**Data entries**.

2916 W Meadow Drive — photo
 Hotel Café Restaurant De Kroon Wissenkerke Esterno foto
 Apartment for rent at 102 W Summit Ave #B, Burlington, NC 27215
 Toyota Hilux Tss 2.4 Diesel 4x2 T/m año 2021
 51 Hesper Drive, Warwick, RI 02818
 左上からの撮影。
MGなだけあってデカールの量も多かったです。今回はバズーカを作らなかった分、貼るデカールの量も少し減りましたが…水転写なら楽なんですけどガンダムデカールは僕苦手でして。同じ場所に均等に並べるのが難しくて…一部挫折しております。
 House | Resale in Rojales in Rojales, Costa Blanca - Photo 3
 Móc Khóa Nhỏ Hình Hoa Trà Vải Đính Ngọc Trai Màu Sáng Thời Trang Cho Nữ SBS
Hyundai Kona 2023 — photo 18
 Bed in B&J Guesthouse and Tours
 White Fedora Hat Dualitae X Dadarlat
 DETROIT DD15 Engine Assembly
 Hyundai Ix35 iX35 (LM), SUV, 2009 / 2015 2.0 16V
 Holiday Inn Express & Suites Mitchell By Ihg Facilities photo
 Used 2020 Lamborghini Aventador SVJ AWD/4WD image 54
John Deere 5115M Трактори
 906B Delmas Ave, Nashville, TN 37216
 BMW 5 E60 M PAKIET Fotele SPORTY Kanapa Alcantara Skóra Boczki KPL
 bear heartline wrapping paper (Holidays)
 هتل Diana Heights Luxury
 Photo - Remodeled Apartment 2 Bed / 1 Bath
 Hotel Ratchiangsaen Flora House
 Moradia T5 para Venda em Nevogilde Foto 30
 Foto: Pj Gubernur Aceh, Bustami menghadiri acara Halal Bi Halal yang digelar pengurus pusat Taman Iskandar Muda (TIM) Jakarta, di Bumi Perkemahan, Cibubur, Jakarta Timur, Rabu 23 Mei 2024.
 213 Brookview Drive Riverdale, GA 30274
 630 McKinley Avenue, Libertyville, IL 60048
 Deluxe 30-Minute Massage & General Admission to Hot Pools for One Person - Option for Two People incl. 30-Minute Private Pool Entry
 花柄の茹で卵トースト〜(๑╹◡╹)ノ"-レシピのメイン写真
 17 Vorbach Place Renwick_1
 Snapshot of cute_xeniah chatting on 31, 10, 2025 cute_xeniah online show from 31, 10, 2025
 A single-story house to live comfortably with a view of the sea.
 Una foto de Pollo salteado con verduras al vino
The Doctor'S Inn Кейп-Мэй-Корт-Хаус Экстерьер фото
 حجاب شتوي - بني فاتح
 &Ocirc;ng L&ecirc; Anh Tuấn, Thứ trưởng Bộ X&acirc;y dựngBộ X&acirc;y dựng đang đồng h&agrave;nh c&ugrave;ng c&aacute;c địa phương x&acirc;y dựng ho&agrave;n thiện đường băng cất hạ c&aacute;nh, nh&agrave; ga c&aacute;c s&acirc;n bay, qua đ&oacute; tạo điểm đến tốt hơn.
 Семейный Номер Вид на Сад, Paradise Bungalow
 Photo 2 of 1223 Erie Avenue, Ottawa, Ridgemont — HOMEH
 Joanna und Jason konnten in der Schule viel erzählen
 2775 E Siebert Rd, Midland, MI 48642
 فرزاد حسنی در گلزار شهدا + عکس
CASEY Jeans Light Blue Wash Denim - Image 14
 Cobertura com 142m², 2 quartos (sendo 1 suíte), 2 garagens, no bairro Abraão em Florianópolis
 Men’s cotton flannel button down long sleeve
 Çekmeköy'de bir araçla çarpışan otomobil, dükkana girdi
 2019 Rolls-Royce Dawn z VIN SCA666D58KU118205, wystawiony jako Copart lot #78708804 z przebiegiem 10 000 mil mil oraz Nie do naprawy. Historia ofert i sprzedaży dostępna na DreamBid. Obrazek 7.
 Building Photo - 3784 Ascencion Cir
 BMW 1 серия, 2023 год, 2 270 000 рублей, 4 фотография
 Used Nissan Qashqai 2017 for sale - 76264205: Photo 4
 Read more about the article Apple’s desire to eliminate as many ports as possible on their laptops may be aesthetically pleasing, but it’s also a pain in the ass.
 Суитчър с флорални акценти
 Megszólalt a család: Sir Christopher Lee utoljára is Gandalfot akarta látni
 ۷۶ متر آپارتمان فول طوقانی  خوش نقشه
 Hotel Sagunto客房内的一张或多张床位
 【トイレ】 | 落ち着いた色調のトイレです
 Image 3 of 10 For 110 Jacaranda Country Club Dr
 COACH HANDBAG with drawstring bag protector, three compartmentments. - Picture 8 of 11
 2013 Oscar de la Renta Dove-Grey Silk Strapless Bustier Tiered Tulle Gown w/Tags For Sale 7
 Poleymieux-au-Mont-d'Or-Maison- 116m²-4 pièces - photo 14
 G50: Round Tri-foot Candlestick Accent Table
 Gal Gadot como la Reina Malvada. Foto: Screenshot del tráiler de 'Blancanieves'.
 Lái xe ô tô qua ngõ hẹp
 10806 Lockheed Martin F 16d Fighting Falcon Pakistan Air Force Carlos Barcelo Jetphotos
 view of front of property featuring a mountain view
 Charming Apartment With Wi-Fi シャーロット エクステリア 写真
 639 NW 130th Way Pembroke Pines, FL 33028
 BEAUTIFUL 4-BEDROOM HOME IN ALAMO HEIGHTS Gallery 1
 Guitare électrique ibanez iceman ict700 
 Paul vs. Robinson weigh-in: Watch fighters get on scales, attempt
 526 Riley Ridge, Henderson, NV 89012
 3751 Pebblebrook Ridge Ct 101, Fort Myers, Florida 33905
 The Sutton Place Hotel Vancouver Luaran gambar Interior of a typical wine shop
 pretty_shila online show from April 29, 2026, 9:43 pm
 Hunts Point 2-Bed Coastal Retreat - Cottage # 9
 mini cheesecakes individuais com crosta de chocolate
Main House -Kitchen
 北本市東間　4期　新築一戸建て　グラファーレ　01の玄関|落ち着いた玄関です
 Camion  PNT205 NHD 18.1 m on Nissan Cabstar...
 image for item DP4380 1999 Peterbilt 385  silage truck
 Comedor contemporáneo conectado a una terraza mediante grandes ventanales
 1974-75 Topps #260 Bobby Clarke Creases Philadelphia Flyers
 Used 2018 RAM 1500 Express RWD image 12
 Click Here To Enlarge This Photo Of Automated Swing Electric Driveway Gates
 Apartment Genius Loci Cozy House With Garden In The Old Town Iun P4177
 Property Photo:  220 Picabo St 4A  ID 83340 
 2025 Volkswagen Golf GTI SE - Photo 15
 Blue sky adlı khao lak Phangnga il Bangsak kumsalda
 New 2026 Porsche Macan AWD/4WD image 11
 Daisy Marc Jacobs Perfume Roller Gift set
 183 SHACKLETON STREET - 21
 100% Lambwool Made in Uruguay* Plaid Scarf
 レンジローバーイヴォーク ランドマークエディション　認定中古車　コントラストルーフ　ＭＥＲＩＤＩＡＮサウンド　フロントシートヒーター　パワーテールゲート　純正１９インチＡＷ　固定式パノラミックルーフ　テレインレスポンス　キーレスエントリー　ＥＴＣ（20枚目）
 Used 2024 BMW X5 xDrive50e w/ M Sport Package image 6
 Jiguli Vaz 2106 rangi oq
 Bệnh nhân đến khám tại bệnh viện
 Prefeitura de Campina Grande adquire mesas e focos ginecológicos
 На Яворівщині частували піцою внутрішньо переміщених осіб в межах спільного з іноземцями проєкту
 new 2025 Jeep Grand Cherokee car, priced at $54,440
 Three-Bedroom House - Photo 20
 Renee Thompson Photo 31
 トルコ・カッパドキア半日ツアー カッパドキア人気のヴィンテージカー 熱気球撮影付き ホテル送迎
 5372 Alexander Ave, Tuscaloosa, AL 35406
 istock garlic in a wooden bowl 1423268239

**ABOUT THIS EXERCISE**. For this exercise, find all lines in the records containing the word "Avenue" and copy them.

**ANSWER SPACE**.
 630 McKinley Avenue, Libertyville, IL 60048
 Photo 2 of 1223 Erie Avenue, Ottawa, Ridgemont — HOMEH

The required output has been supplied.